High Doses of Epilepsy Drug Valproate in Pregnancy can Increase Risk of Birth Defects in Children

Parent Herald August 26, 03:33 am

Pregnant women who take high doses of anti-epileptic drug valproate are at higher risk of having a child with birth defects, according to a new study.

The safety of using valproate during pregnancy has long been a source of concern among health experts and many studies in the past have shown that exposure to the drug in mother's womb places children at higher risks of many neurodevelopmental disorders, including autism.

In the current study, researchers from the Royal Melbourne Hospital looked at 1,700 female epilepsy patients and found that babies of women, who took high doses of valproate after conceiving, had birth defects known as spina bifida or hypospadias.

Information about the women, including their pregnancy and health status was collected from the Australian Pregnancy Register (APR) at the Royal Melbourne Hospital.

Spina bifida is a birth defect of the spinal cord and backbone. It occurs when some of the vertebrae (bones forming the spinal column) in the unborn baby fail to form properly (the closure normally occurs in early pregnancy) and remain open at birth.  According to CDC, nearly 1,500 babies (one out of every 2,800) are born with spina bifida, every year in US.

Hypospadias is a birth defect of the penis. In the defect, the opening of the urethra (the tube used to pass urine) is placed under the penis, and not at the tip. It occurs when the tissue on the underside of the penis fails to close properly, while the baby grows in the mother's womb. It affects four in 1,000 newborn boys.
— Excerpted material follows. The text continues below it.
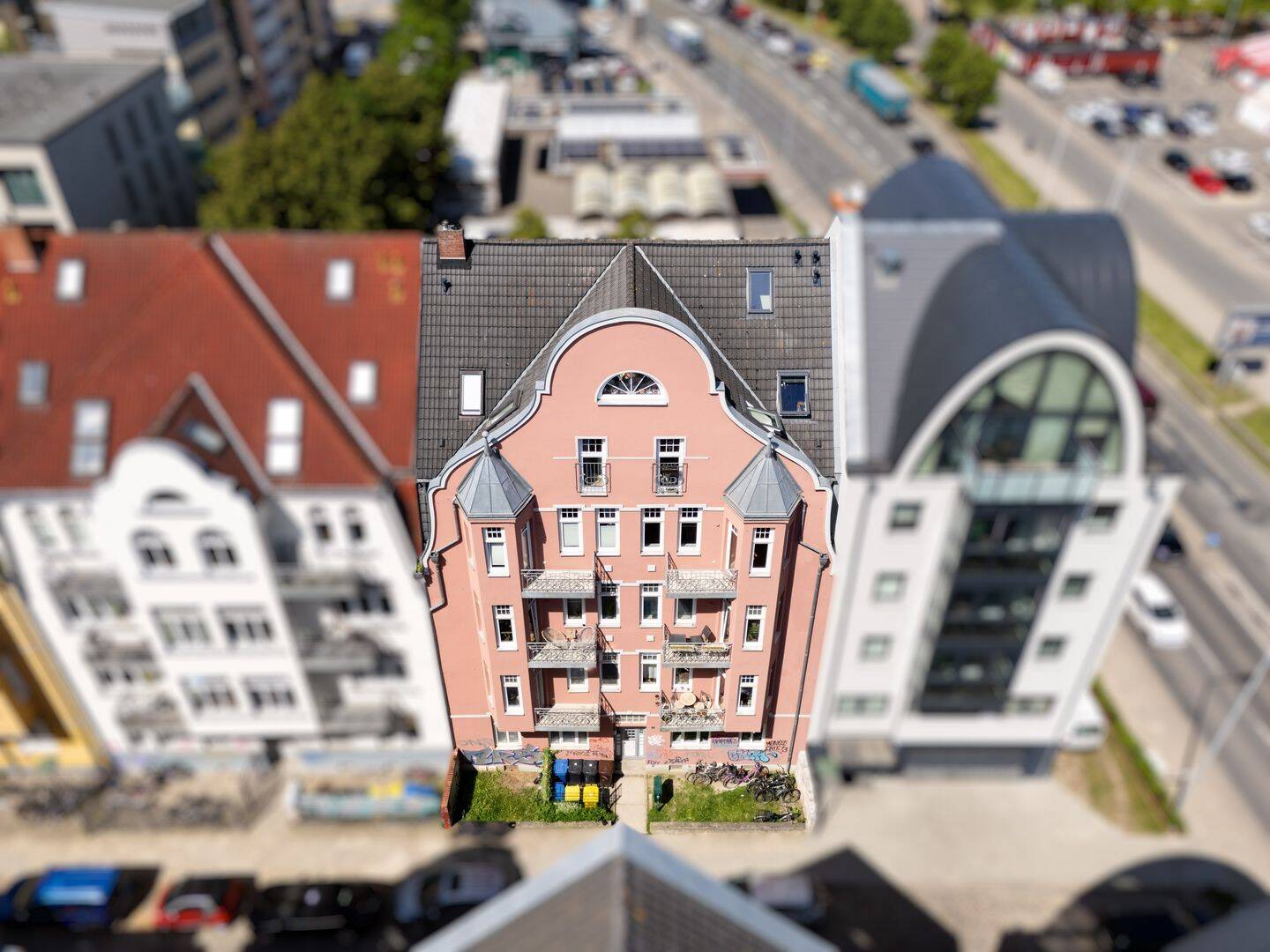 Sofort bezugsfrei! Charmante 3,5-Zimmer-Altbauwohnung mit zwei Balkonen am Rostocker Stadthafen – Rostock – Vorschaubild 8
Researchers urged pregnant women who depend completely on valproate to manage their epilepsy to reduce the dose and avoid the risk.

"Previous studies have shown a strong relationship between the dose of valproate taken and the risk of the child having a birth defect. However, for many women valproate is the only drug that will help control their seizures," Professor Terry O'Brien, Royal Melbourne Hospital epilepsy specialist and Head of the Department of Medicine at The University of Melbourne, said in a news release.

"Through our research, we now know that by reducing the dose taken in the first trimester of pregnancy, the risk of having a baby with spina bifida or hypospadias will be greatly reduced."

The study is reported in the journal Neurology.

The actual cause of Spina bifida is yet not known, but according to health practitioners, both family history of neural tube defects and folic acid deficiency before and during pregnancy play major roles. Apart from the anti-epileptic medication, research has shown obesity, diabetes and increased body temperature are some of the other factors associated with the birth defect.